Description of the task.
Each record below should be returned word for word, with no pictures included.

Data shown.
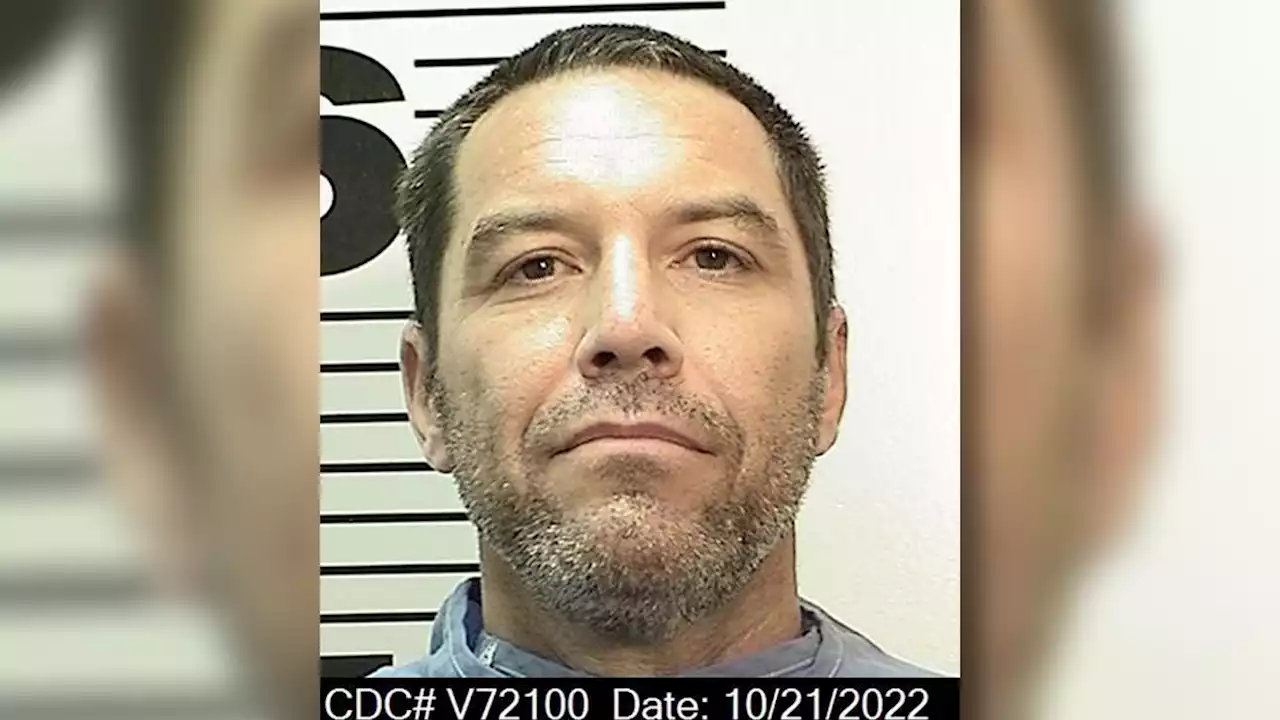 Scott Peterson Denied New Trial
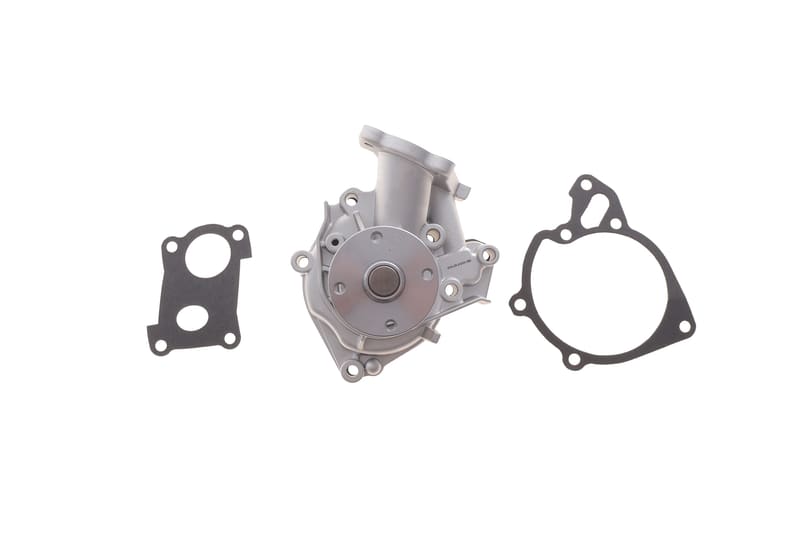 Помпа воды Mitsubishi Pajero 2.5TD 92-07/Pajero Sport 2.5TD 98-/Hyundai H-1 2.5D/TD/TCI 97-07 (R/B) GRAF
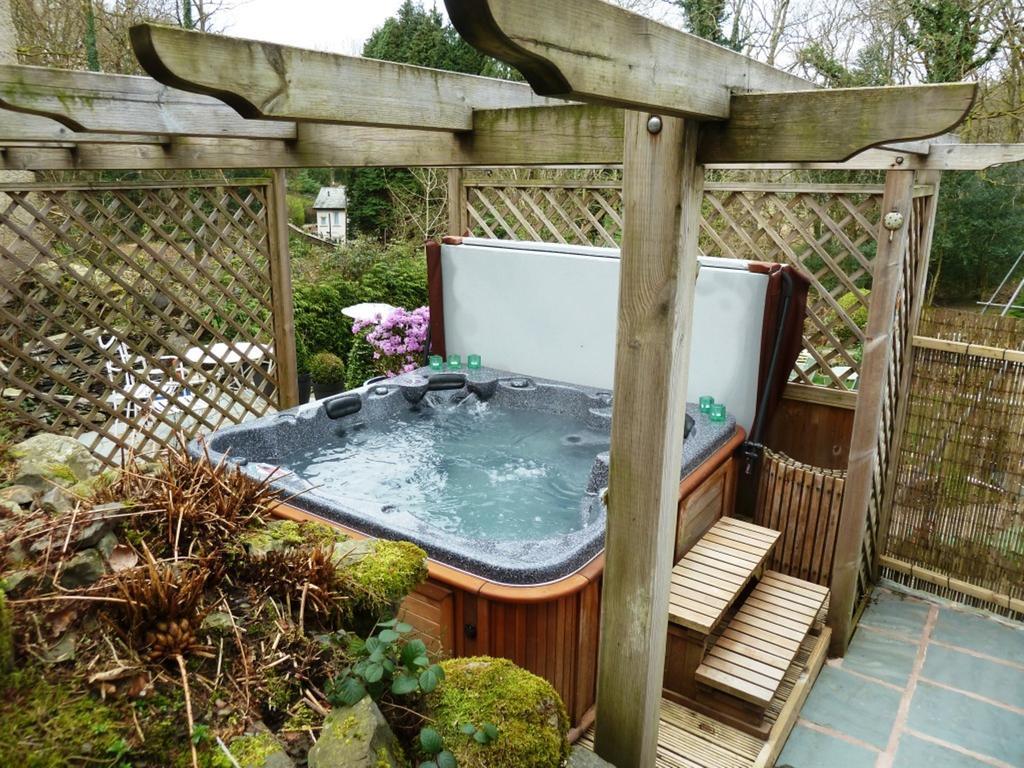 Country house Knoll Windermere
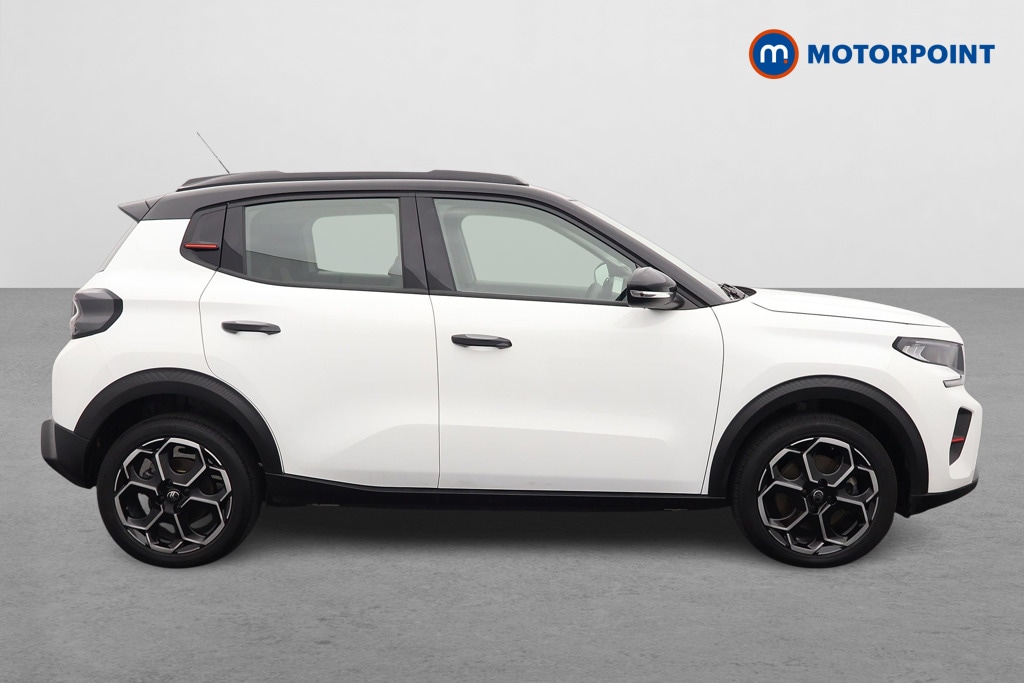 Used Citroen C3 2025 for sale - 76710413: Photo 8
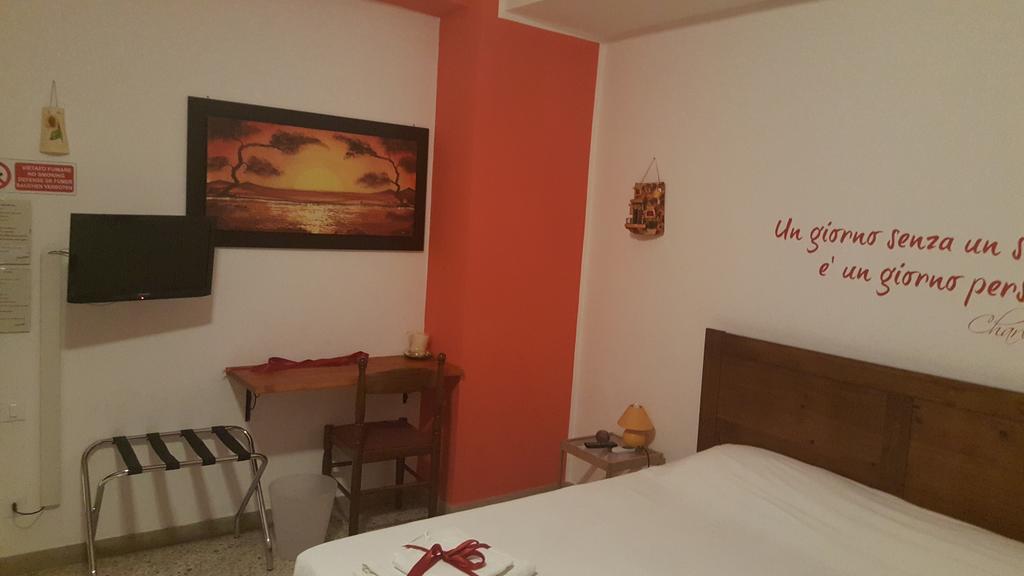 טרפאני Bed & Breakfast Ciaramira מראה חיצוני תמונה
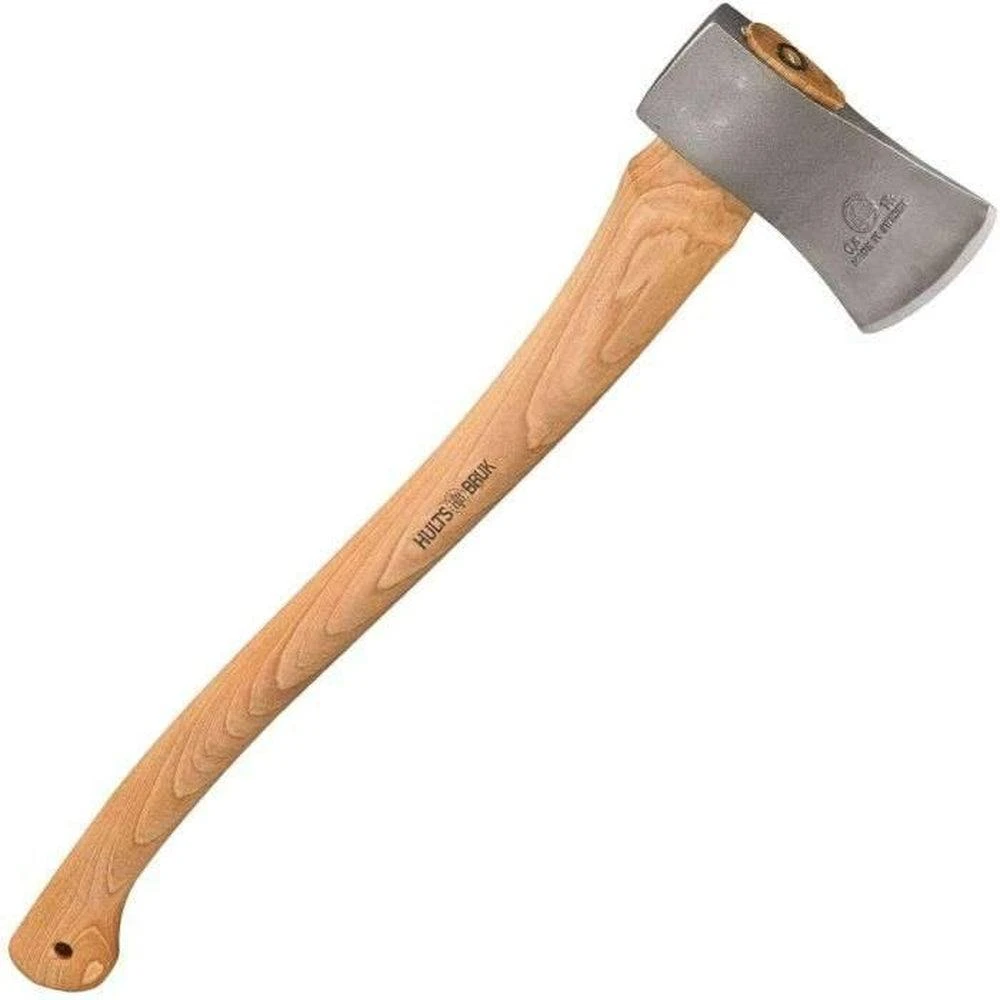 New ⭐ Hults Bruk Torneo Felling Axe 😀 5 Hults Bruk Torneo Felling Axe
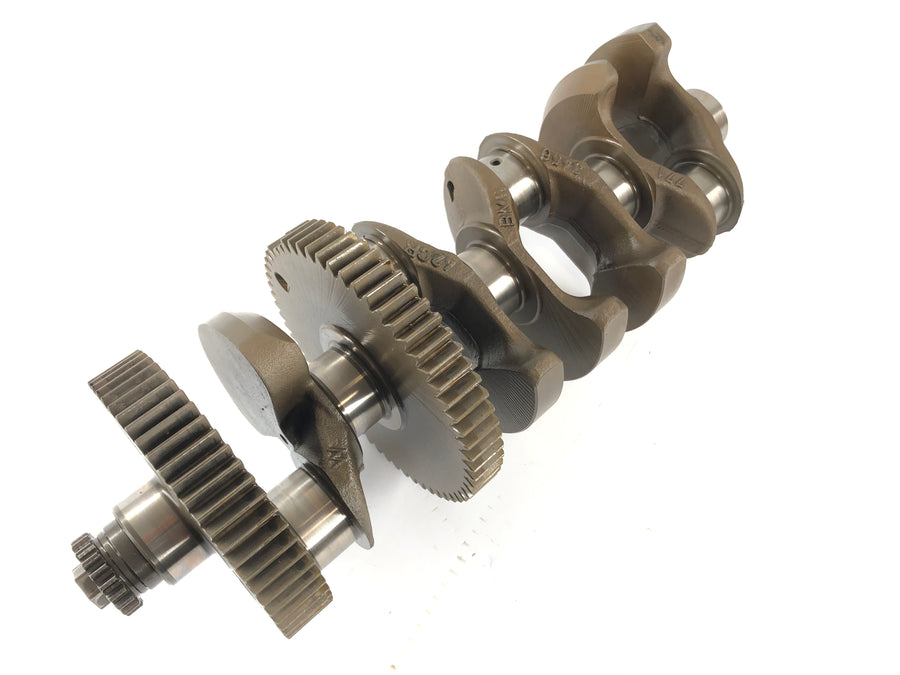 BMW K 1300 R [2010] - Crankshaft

Completed task.
 Scott Peterson Denied New Trial
 Помпа воды Mitsubishi Pajero 2.5TD 92-07/Pajero Sport 2.5TD 98-/Hyundai H-1 2.5D/TD/TCI 97-07 (R/B) GRAF
 Country house Knoll Windermere
 Used Citroen C3 2025 for sale - 76710413: Photo 8
 טרפאני Bed & Breakfast Ciaramira מראה חיצוני תמונה
 New ⭐ Hults Bruk Torneo Felling Axe 😀 5 Hults Bruk Torneo Felling Axe
 BMW K 1300 R [2010] - Crankshaft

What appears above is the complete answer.